How to complete this task
Write out, word for word, every line in the data below from the one containing "Casa de Costa Çeşme görseli" to the one containing "The Game’s Top Troll Chapter 66 Gambar 56", both of them included.

------------------------------

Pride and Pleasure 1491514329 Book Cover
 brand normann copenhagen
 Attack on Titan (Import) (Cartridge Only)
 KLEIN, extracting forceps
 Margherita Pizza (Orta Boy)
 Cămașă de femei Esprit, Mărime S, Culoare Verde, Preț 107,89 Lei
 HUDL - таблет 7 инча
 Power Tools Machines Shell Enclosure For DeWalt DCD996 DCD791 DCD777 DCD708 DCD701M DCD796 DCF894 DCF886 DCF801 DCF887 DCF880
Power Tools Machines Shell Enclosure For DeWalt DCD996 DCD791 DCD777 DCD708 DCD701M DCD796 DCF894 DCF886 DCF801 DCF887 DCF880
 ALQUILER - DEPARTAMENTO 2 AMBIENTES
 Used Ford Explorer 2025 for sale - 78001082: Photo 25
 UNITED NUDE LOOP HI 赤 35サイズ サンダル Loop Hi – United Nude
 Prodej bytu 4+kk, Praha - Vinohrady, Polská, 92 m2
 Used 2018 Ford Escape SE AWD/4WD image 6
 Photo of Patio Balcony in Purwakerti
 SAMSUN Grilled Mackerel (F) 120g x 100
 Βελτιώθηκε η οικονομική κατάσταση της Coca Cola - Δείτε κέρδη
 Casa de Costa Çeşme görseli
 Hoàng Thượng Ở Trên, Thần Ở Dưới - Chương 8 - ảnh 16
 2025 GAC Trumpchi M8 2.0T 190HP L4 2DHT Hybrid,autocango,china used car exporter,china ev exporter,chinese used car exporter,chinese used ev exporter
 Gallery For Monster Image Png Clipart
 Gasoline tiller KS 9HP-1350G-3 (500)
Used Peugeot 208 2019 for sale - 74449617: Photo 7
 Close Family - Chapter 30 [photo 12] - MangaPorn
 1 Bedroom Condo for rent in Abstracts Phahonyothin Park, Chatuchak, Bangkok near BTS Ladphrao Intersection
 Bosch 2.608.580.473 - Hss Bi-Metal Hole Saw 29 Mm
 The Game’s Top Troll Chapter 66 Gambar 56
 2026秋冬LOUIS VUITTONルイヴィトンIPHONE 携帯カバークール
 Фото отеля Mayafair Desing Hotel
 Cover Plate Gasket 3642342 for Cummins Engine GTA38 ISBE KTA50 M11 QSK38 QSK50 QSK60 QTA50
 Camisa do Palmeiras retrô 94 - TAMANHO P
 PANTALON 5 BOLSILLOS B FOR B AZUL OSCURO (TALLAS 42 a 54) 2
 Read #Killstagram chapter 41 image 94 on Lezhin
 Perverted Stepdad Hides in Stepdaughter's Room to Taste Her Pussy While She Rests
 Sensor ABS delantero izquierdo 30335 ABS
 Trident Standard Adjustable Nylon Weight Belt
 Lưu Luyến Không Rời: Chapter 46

------------------------------

Exercise answer
 Casa de Costa Çeşme görseli
 Hoàng Thượng Ở Trên, Thần Ở Dưới - Chương 8 - ảnh 16
 2025 GAC Trumpchi M8 2.0T 190HP L4 2DHT Hybrid,autocango,china used car exporter,china ev exporter,chinese used car exporter,chinese used ev exporter
 Gallery For Monster Image Png Clipart
 Gasoline tiller KS 9HP-1350G-3 (500)
Used Peugeot 208 2019 for sale - 74449617: Photo 7
 Close Family - Chapter 30 [photo 12] - MangaPorn
 1 Bedroom Condo for rent in Abstracts Phahonyothin Park, Chatuchak, Bangkok near BTS Ladphrao Intersection
 Bosch 2.608.580.473 - Hss Bi-Metal Hole Saw 29 Mm
 The Game’s Top Troll Chapter 66 Gambar 56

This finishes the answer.